Now, it might take some time before Sanchez can truly help out in that regard, but he took his first step when he made his professional debut on Saturday for the State College Spikes in the short-season New York-Penn League. He didn't take long to make a first impression, either, entering the game as a defensive replacement then driving in the winning run in the ninth with a single in his second pro at-bat.
"That was pretty cool," Sanchez said. "It felt good. There's no better way to introduce myself to the game."
He was introduced to catching a full game the following day. He went 0-for-3 at the plate, but more importantly, he began the process of learning what it takes to be a professional catcher. First and foremost, that means calling his own game, something he never got to do at Boston College.
"It was a lot better," Sanchez said of the experience. "The game went more smoothly. I can call my own game, I know how to look at hitters, see their patterns, see their swing paths. With more experience, I'll get better. It's a learning process."
That process has already seen Sanchez move around a bit since he signed quickly for a reported $2.5 million bonus. He went down to Bradenton, Fla., and worked out there, before being sent to State College. He won't be with the Spikes long, though. He'll fly on Thursday to Wichita, Kan., for the announcement of the Johnny Bench Award, given annually to the top collegiate catcher in the country. He has to be considered a front-runner among the finalists, Chris Henderson of George Mason and J.T. Wise from the University of Oklahoma.
After that, he'll head to full-season ball, joining the West Virginia Power for the second half of the South Atlantic League season. It's nothing the Pirates think Sanchez can't handle easily.

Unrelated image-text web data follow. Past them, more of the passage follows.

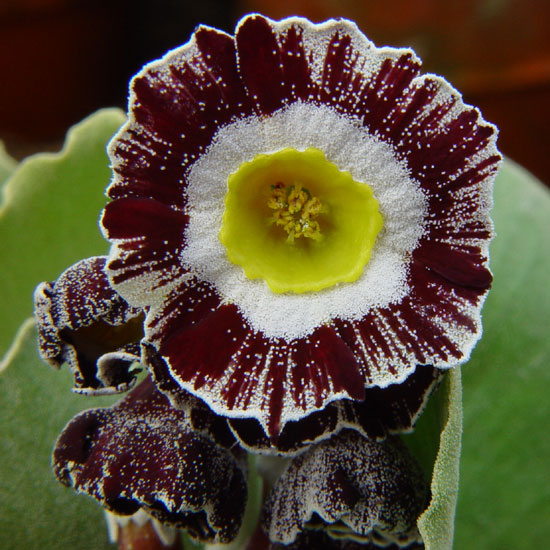 x auricula ' Red and White Stripe '-1430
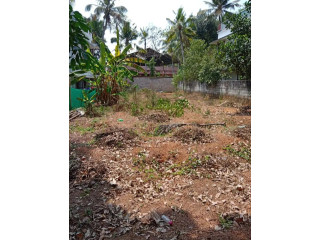 House plot for sale in Trivandrum neyyattinkara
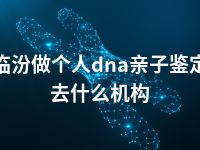 临汾做个人dna亲子鉴定去什么机构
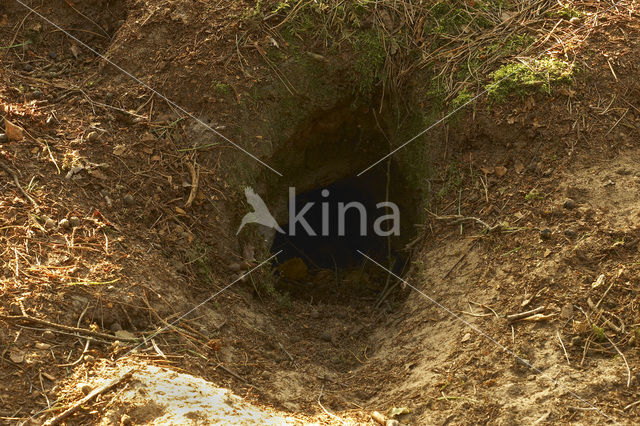 Rabbit (Oryctolagus cuniculus)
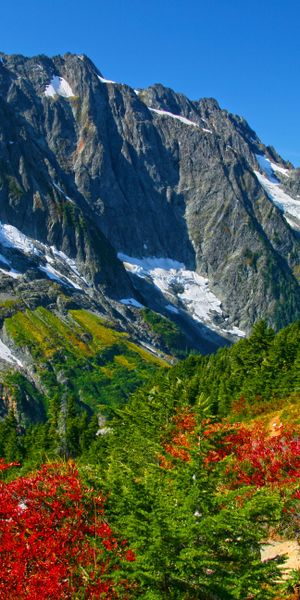 Phone wallpaper: Landscape, Mountains, Mountain, Tree, Fall, Earth free download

"Tony Sanchez has not disappointed in his first impressions with everyone -- in Bradenton, in State College, and I'm sure he'll get a similar response in West Virginia," Pirates farm director Kyle Stark said. "Everyone raves about the person: the character, the energy, the passion, the commitment, the drive and how genuine it is. Those attributes are going to allow him to make an easier adjustment to professional baseball and give you more confidence in betting on the person to reach his potential."

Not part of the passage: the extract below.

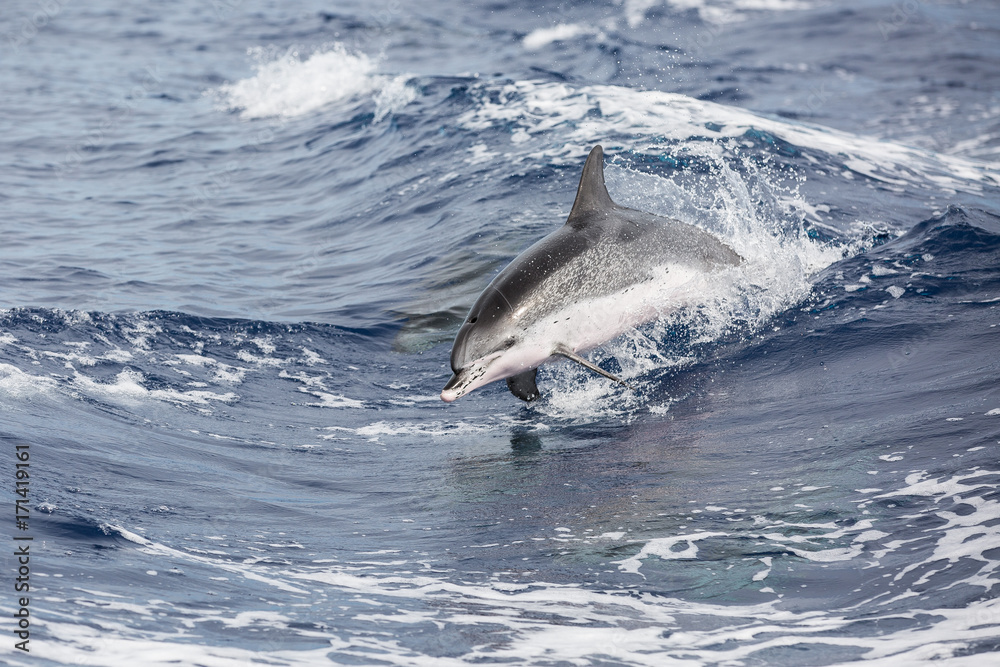 Fototapeta premium Delfin vor Sao Miguel (Azoren)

The guy can play the game a little bit, too. There are those who feel his defensive skill-set is Major League ready. He's worked hard on his conditioning and his offensive game improved markedly this year, a big reason why his name rose on Draft boards all spring.
"The defense is obviously impressive, and he has shown the ingredients to hit," Stark said. "Since his focus has been on his defense, as it should, we feel like we can help develop the offensive approach some more since he has the tools."
Sanchez entered pro ball with his eyes wide open, understanding that many saw his selection at No. 4 overall as a bit of a reach. He doesn't seem the type to need extra motivation, nor is he one to try to do too much to justify his selection. But he wants to assure everyone that just like the mind-set he and his fellow Eagles had at BC, he's not going to expect the red-carpet treatment simply because of his Draft status.
"My emotions are still high from Draft day, though it's coming down now," Sanchez said. "I'm getting back into the grind. This is the real world now. I want to get my work done and get myself to where I want to be.
"I'm not going to be happy to just be the No. 4 pick overall. I'm going to work harder than I ever have, not only to be a good big league catcher, but also to help the Pirates win."